In Abu Dhabi, Verstappen produced one of the most unlikely wins imaginable with a last lap dash that confounded the experienced Hamilton.
Not once, though, did the challenger take a step back or wilt under the pressure.
"He seems to deal with the pressure better than other people," said two-time world champion Fernando Alonso earlier in the season.
"Everyone is different, but it seems that for him it is not a big deal."
Verstappen is used to the spotlight, the pressure and, with already 20 years on the track, is experienced beyond his years as a racing driver.
According to his father Jos Verstappen, who raced in over a hundred Grand Prix between 1994 and 2003, Max first clambered into a go-kart when he was four and a half years old.
"He was keen, watching all my races, he knew what was going on. He was brought up with racing," Jos told the official F1 podcast Beyond the Grid in 2019.
"I never had to tell him racing lines, he knew."
In Abu Dhabi, the two shared what Max called a "special" moment. His dad was in no doubt about his son's achievement.
"I am very proud of him," said Jos. "Max was the driver this year and he deserved it."
His father was not the only influence on his early racing career; his mother is Belgian ex-kart driver champion Sophie Kumpen. Her uncle competed in motocross and rally and her cousin Anthony Kumpen raced NASCAR in the United States.
Titles followed and the teenage Verstappen made the step up to Formula Three, winning 10 races in his debut season when he finished third in the championship which was won by Esteban Ocon, a year his senior and now with the F1 Alpine team.
Verstappen would almost certainly have gone on to win the Formula Three title but after one season he made the step up to the biggest stage.
After taking part in practice at the 2014 Japanese GP, he made his F1 debut for Toro Rosso at the Australian GP in in 2015.
Aged just 17 years and 166 days, he was the youngest ever driver in the sport -- and still had not passed his regular driving test.
"For me it was never about age," said Jos. "It was so natural what he was doing. It was impressive. Max is an exciting driver. He's much better than me."
That first season saw him take his first points and get involved in his first scrap. A shunt on Romain Grosjean in Monaco saw Verstappen labelled "dangerous" by Williams driver Felipe Massa but he went on to land the FIA's Rookie of the Year title.
In May 2016, he was promoted to the Red Bull team, replacing Daniil Kvyat, and the results were impressive and immediate.
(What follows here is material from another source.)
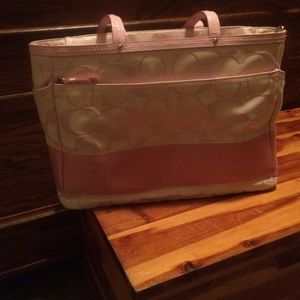 Pink coach diaper bag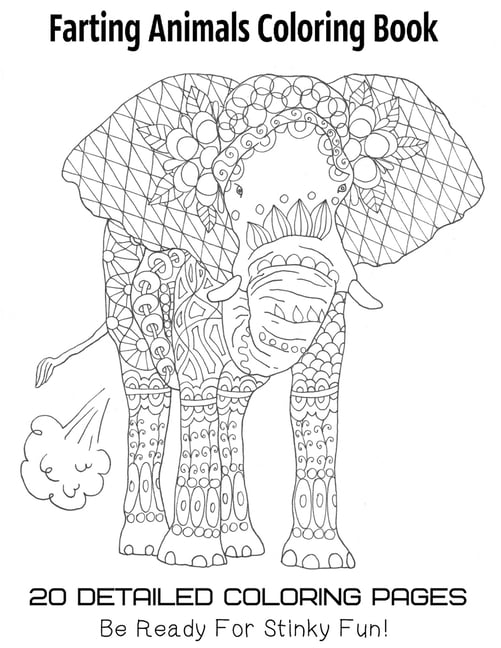 Farting Animals Coloring Book 20 Detailed Coloring Pages Be Ready For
In his first race in Spain, he qualified fourth and then held off Ferrari's Kimi Raikkonen to become the youngest ever winner, aged 18, in F1.
Vestappen notched six top-five finishes, including four podiums, in his first eight races.
After two seasons as runner-up, he had a better car which at times has enabled him to eviscerate the Mercedes.
"You just knew Max was not going to give it up," said Red Bull princial Christian Horner on Sunday.
"He had come so far this year and then to see him close it out, become world champion -- an amazing feeling."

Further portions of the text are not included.